Le surlendemain, Roubaud partit pour Paris ; il avait trouvé madame Graslin si grièvement atteinte, que, pour l’arracher à la mort, il allait réclamer les lumières et le secours du meilleur médecin de Paris. Mais Véronique n’avait reçu Roubaud que pour mettre un terme aux importunités de sa mère et d’Aline, qui la suppliaient de se soigner : elle se sentit frappée à mort. Elle refusa de voir monsieur Bonnet, en lui faisant répondre qu’il n’était pas temps encore. Quoique tous ses amis, venus de Limoges pour sa fête, voulussent rester près d’elle, elle les pria de l’excuser si elle ne remplissait pas les devoirs de l’hospitalité ; mais elle désirait rester dans la plus profonde solitude. Après le brusque départ de Roubaud, les hôtes du château de Montégnac retournèrent alors à Limoges, moins désappointés que désespérés, car tous ceux que Grossetête avait amenés adoraient Véronique. On se perdit en conjectures sur l’événement qui avait pu causer ce mystérieux désastre.

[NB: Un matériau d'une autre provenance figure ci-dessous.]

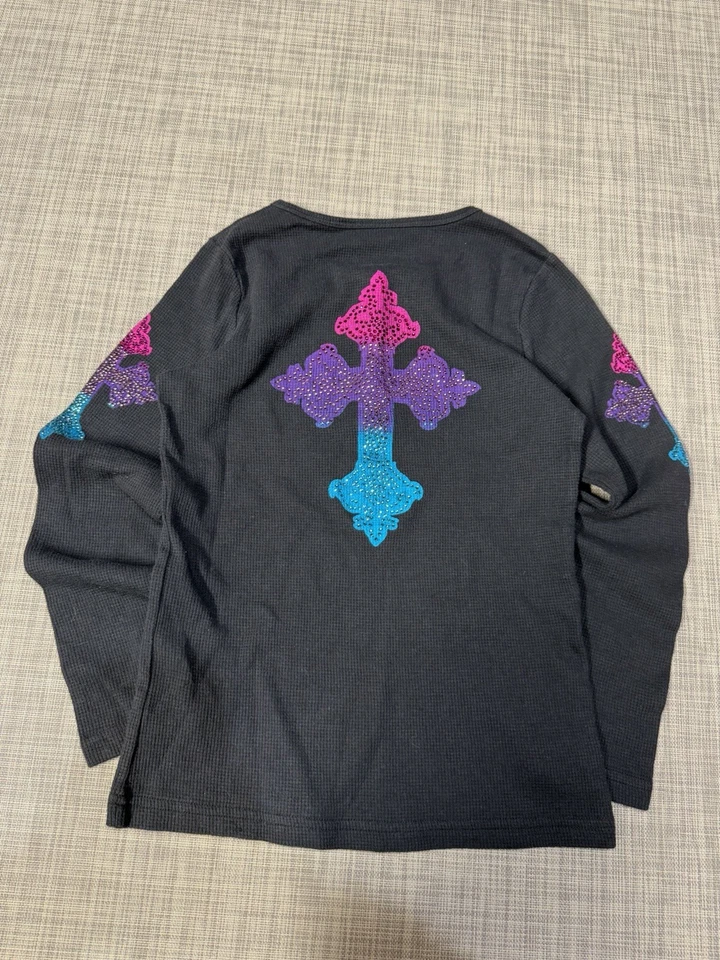 Y2K Cross CowGirl Youth Girls Waffle Knit Long Sleeve T Shirt Size Large 10/12 - Image 2 of 4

Un soir, deux jours après le départ de la nombreuse famille des Grossetête, Aline introduisit Catherine dans l’appartement de madame Graslin. La Farrabesche resta clouée à l’aspect du changement qui s’était si subitement opéré chez sa maîtresse, à qui elle voyait un visage presque décomposé.

— Mon Dieu ! madame, s’écria-t-elle, quel mal a fait cette pauvre fille ! Si nous avions pu le prévoir, Farrabesche et moi nous ne l’aurions jamais reçue ; elle vient d’apprendre que madame est malade, et m’envoie dire à madame Sauviat qu’elle désire lui parler.

— Ici ! s’écria Véronique. Enfin où est-elle ?

— Mon mari l’a conduite au chalet.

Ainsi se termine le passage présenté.